## Information supplied:
______________________________

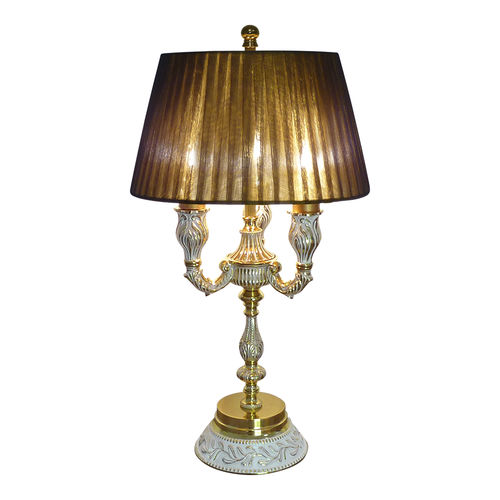 Lampe de chevet - FD1124 - FEDE Switch & Light - en métal / en tissu / classique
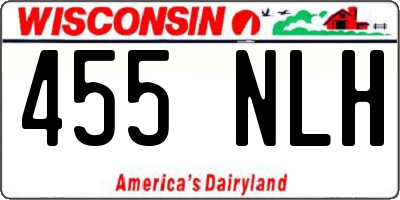 WI license plate 455NLH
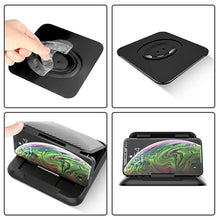 Load image into Gallery viewer, Car Carbon Fiber Texture Silicon Mobile Phone Holder for 3.5-6.8 inches Cellphone, Phone Holder for 3.5-6.8 inches Cellphone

______________________________

## Prompt:
Start with the line that holds "WI license plate 455NLH" and retype each line through the last one in the data, exactly and without pictures.

## Reply:
 WI license plate 455NLH
 Load image into Gallery viewer, Car Carbon Fiber Texture Silicon Mobile Phone Holder for 3.5-6.8 inches Cellphone, Phone Holder for 3.5-6.8 inches Cellphone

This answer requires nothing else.